— EXERCISE OBJECTIVE —
What is needed is an exact copy of the lines from the start of the records below through the line with "REAR VIEW OF", without the pictures.

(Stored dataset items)
___
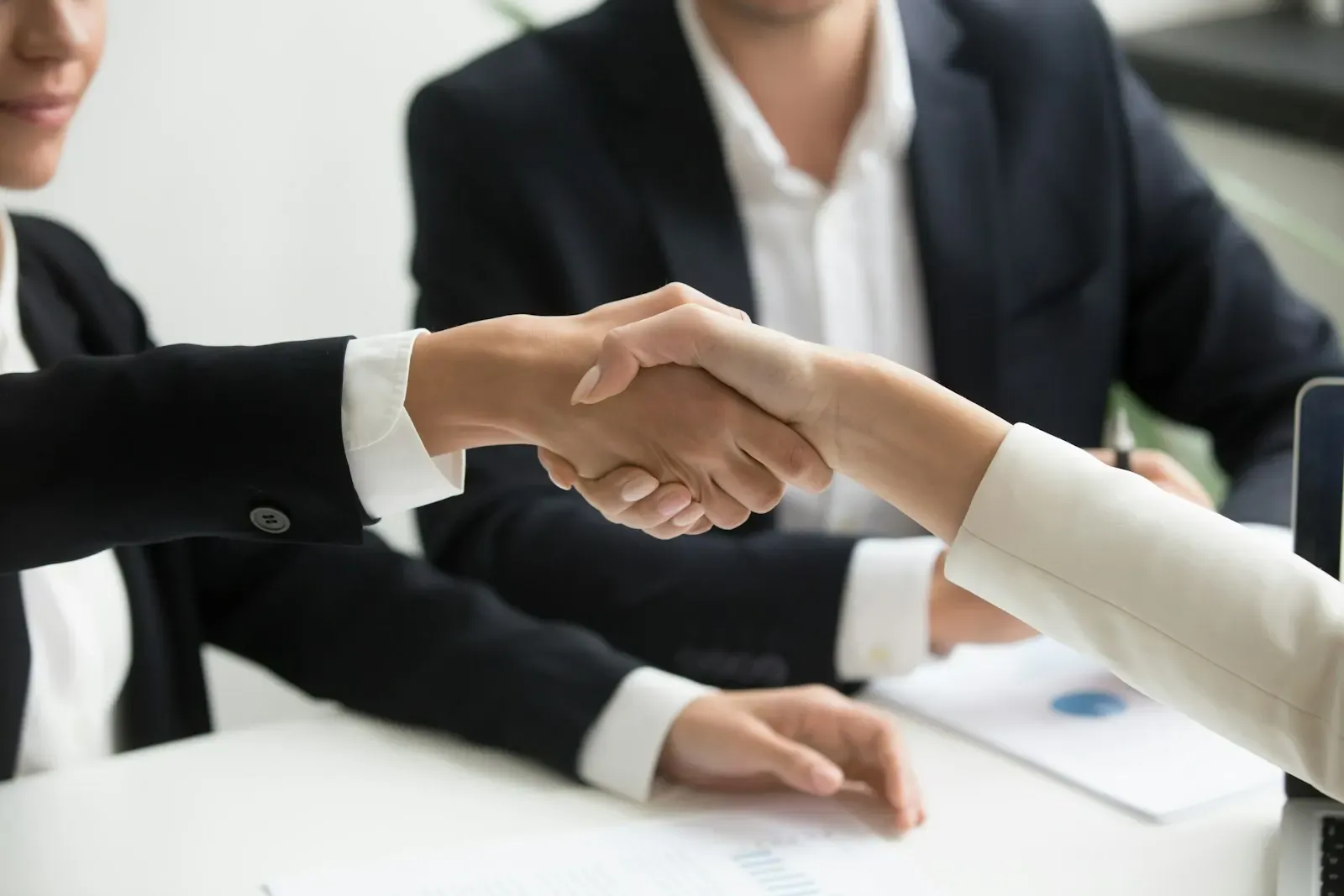 A manager and a client shaking hands during a meeting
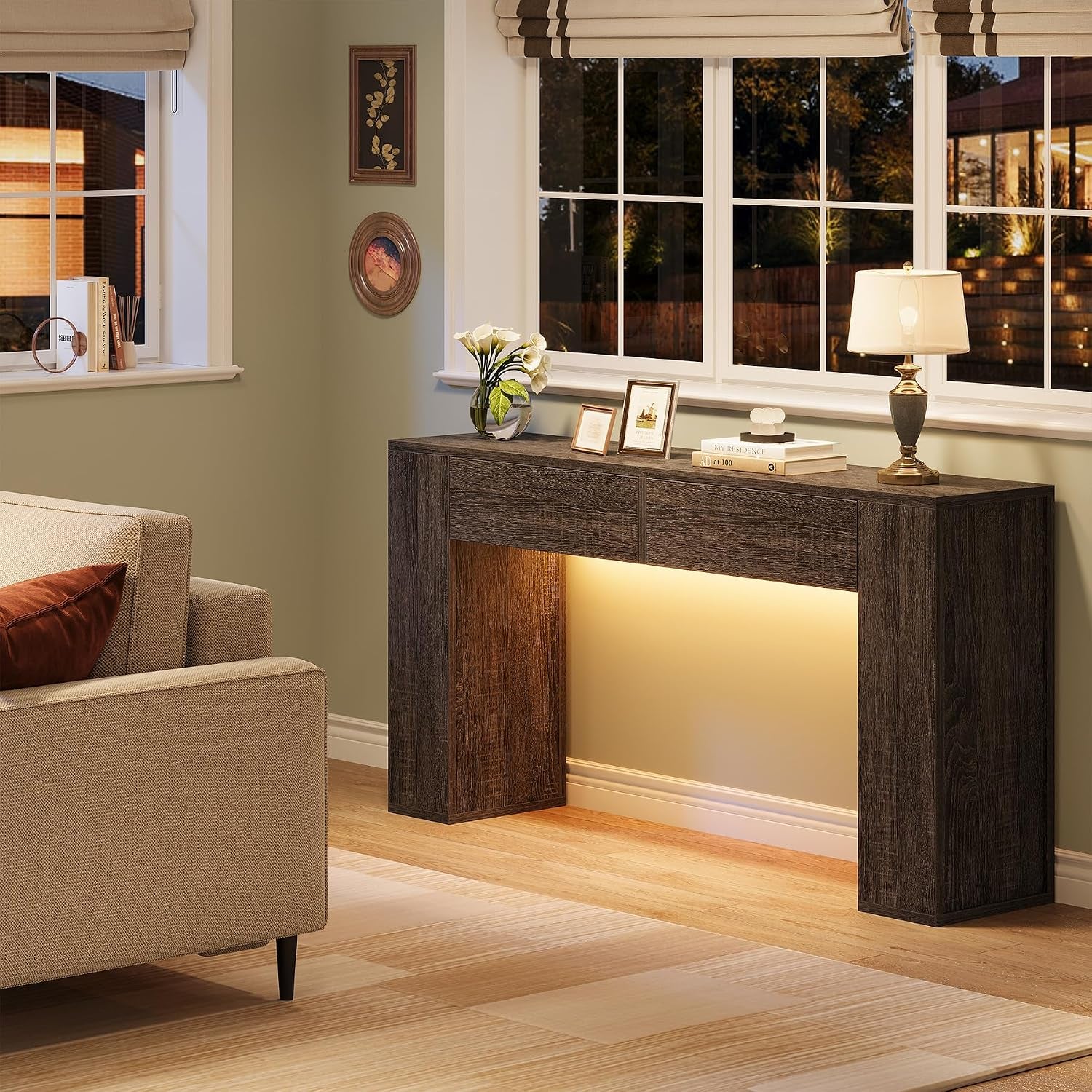 Angled living-room view of a grey console table under a window with a lamp, framed photos and warm LED glow.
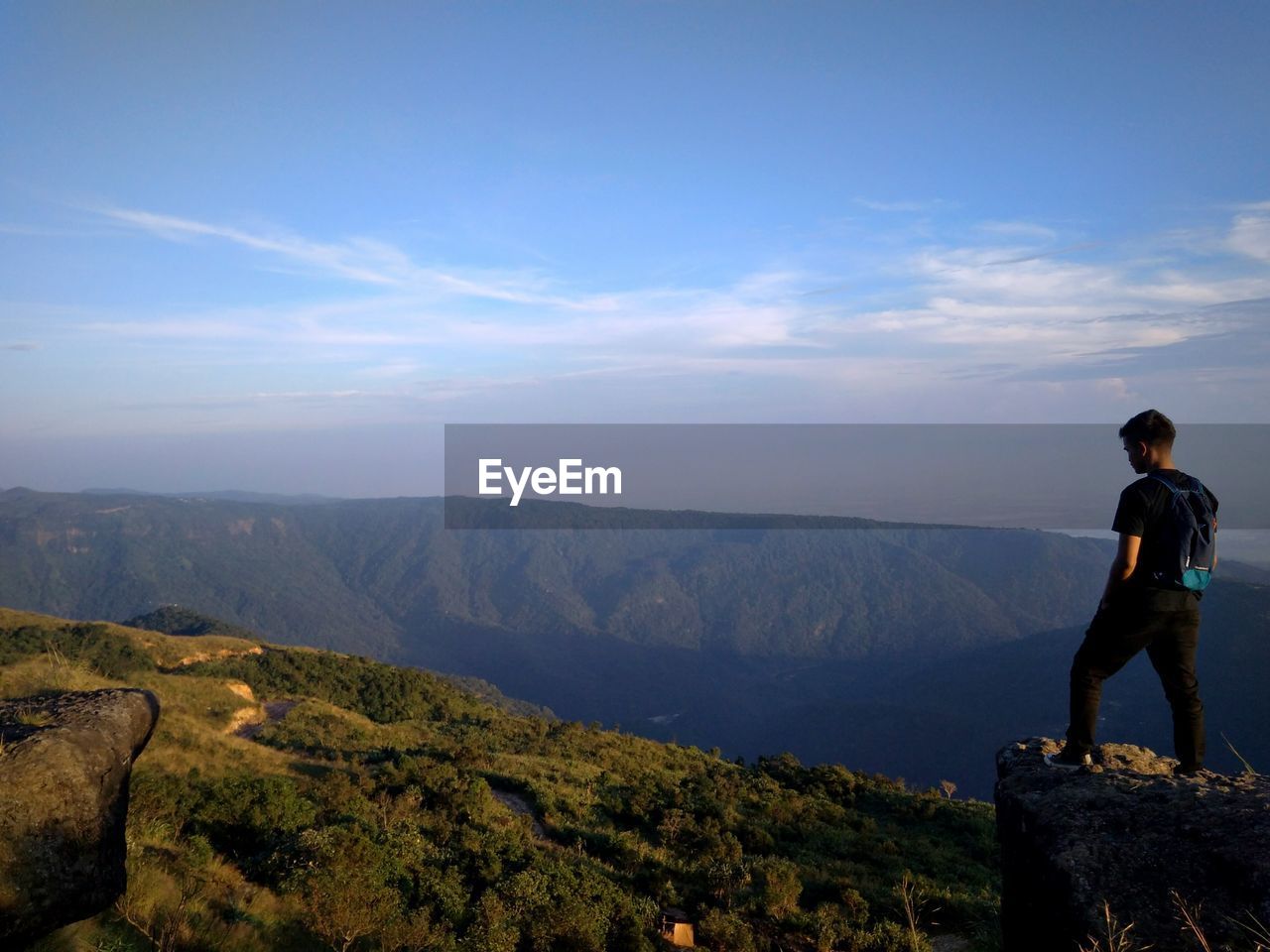 REAR VIEW OF MAN STANDING ON MOUNTAIN AGAINST SKY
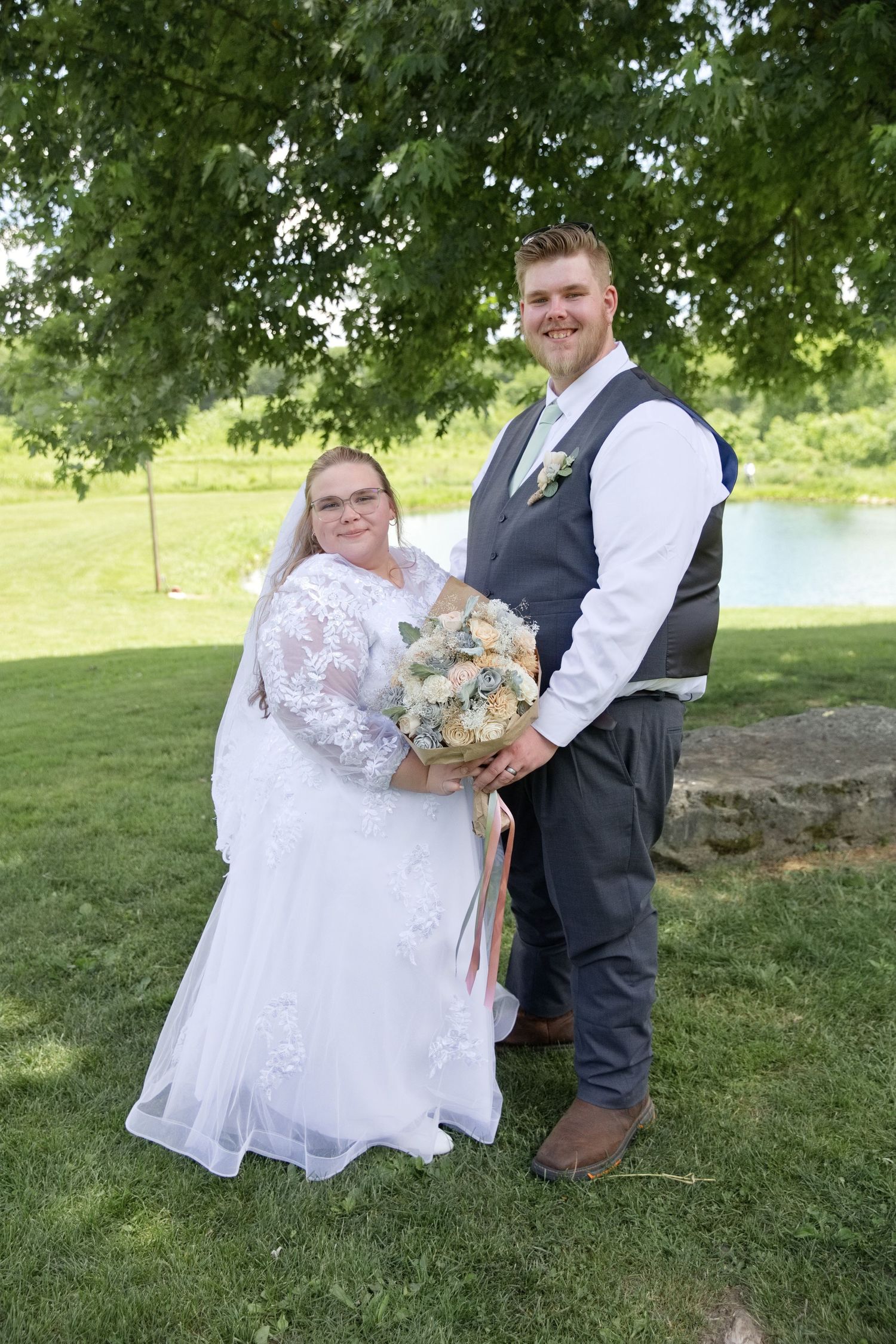 Bride in lace gown holding bouquet stands with groom in gray vest outdoors under green trees near pond.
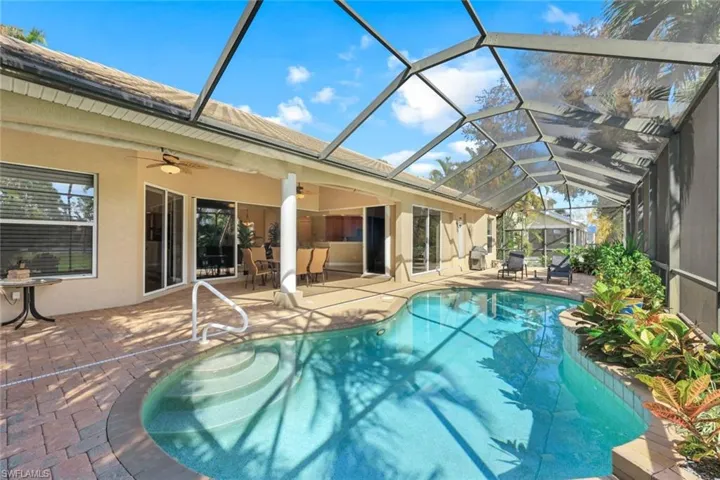 Incredible pool area with covered lanai, sunning area and beautiful landscaping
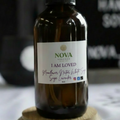 Bottle of Nova product labeled 'I Am Loved' on a wooden stand with a blurred background.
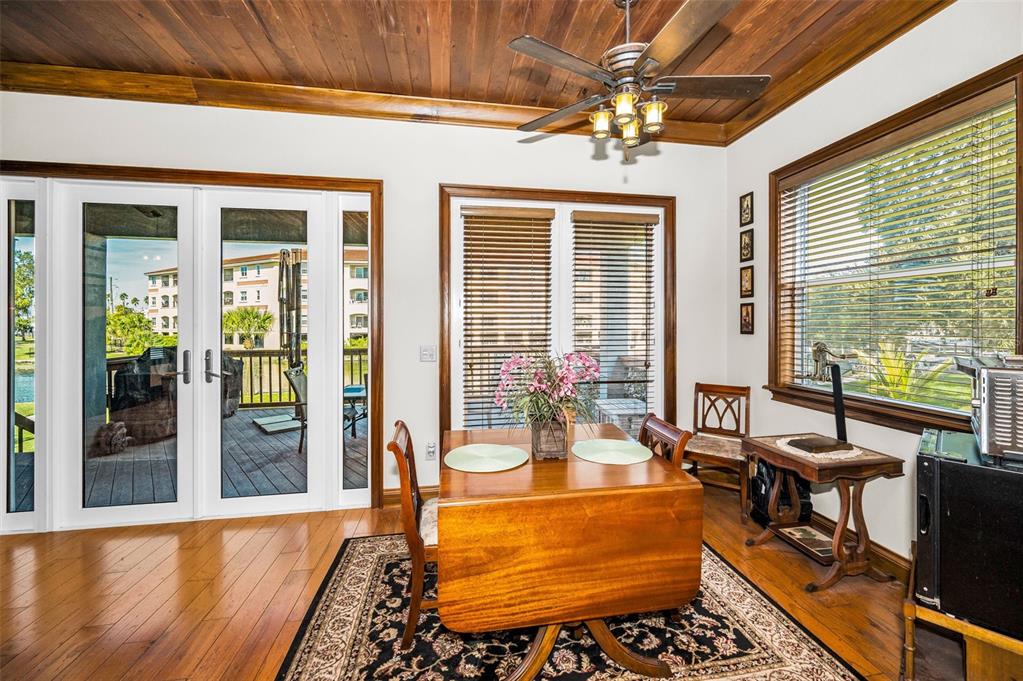 6141 Lafayette Street New Port Richey, FL 34652 - Photo 21 of 98 a room with patio furniture and a floor to ceiling window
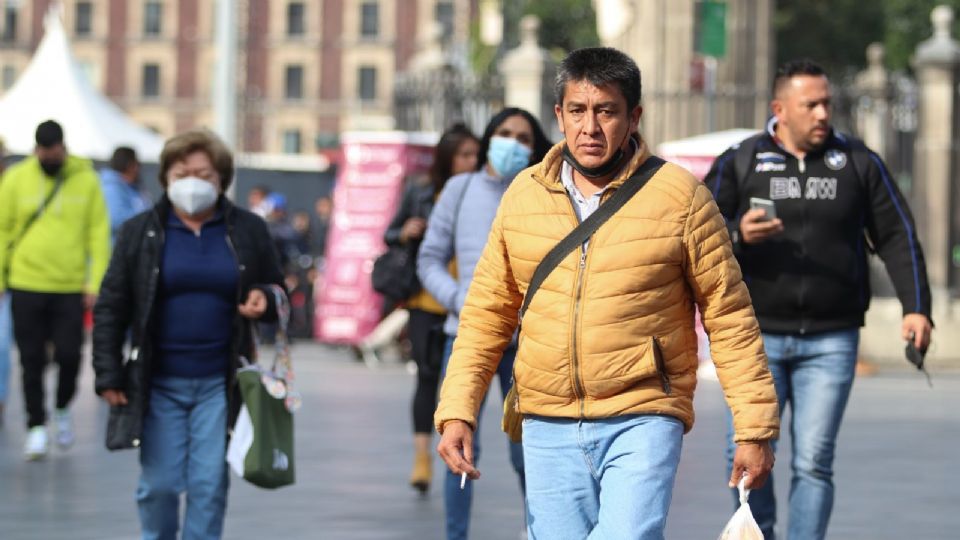 Capitalinos caminan por el Zócalo en medio del frío.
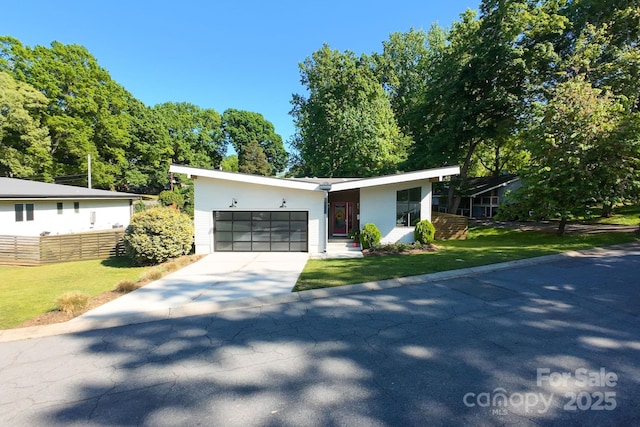 view of front of house featuring an attached garage, driveway, and a front yard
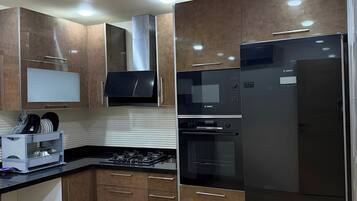 Una cocina moderna con armarios de madera, electrodomésticos de acero inoxidable y un refrigerador negro.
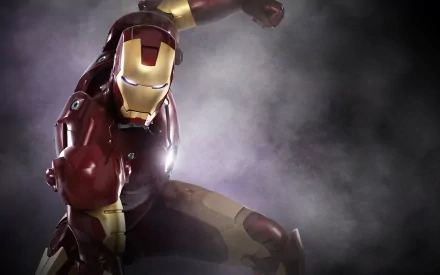 HD PC desktop wallpaper featuring Iron Man in action pose, inspired by Tony Stark from the movie series, with a smoky, dramatic background.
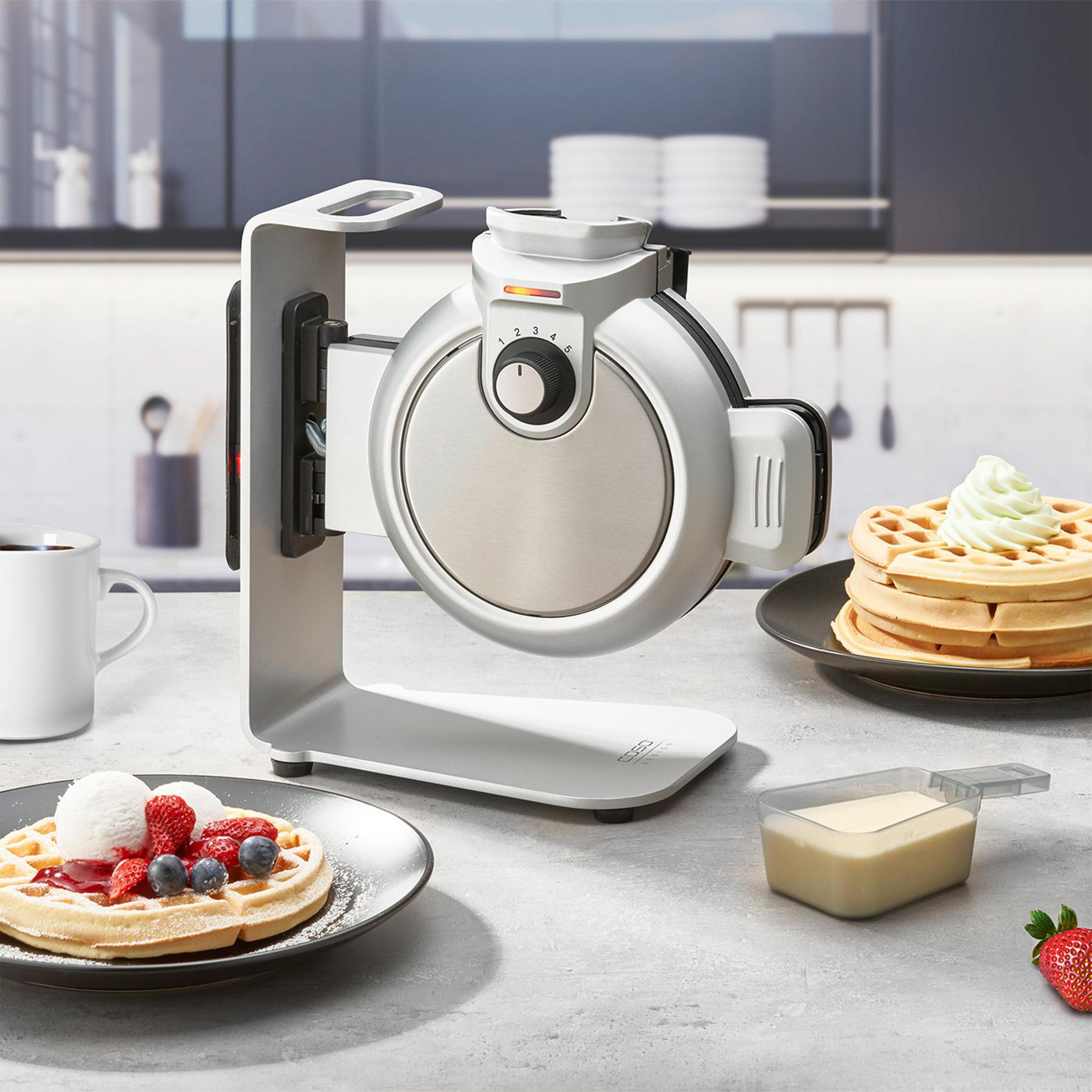 Waffeleisen mit Waffeln, Eis und Beeren auf einer Theke. Weiße Tasse links.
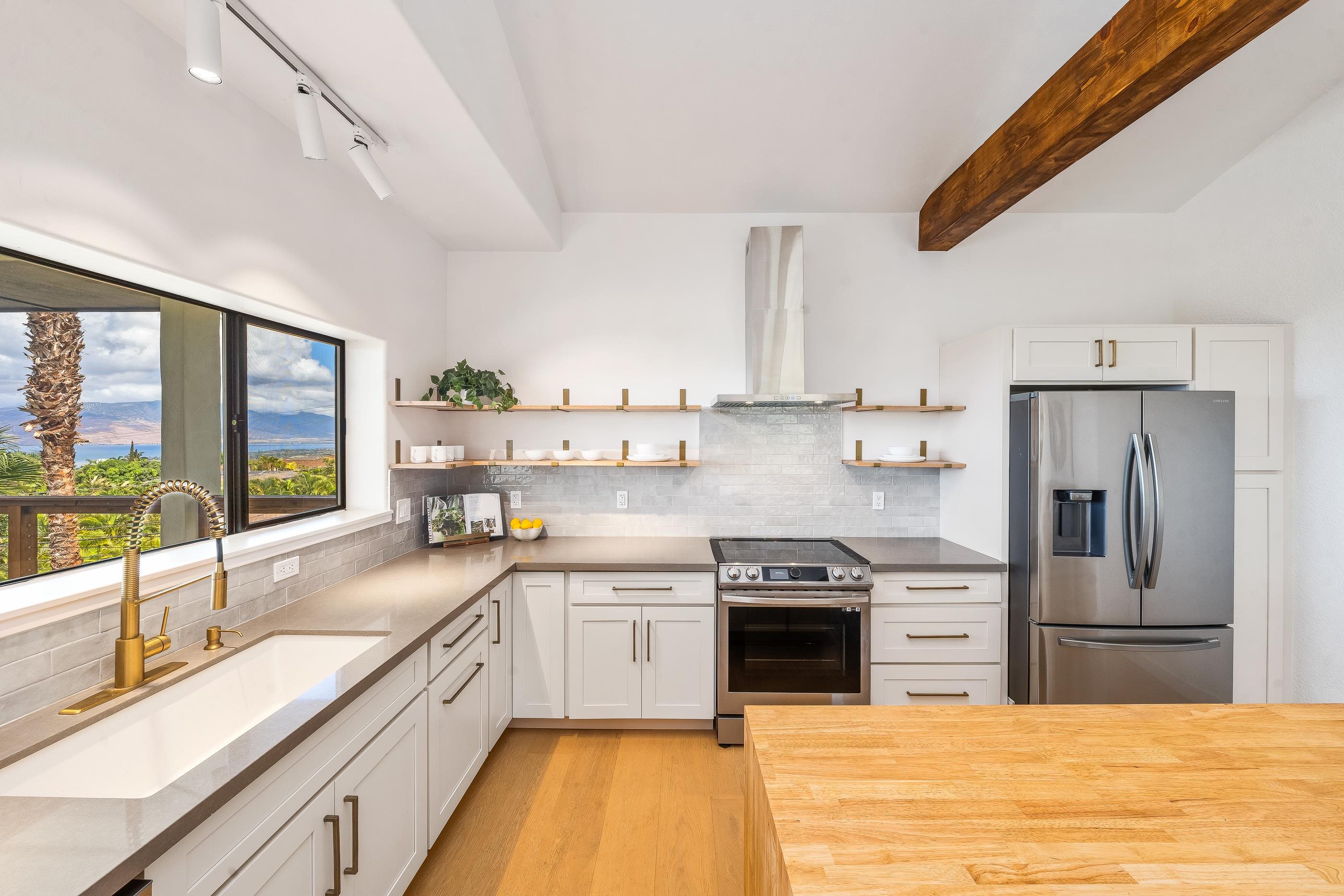 820 Kupulau Drive Kihei, HI 96753 - Photo 11 of 50 a kitchen with stainless steel appliances granite countertop a stove a sink and a refrigerator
___
— RESPONSE TO THE EXERCISE —
 A manager and a client shaking hands during a meeting
 Angled living-room view of a grey console table under a window with a lamp, framed photos and warm LED glow.
 REAR VIEW OF MAN STANDING ON MOUNTAIN AGAINST SKY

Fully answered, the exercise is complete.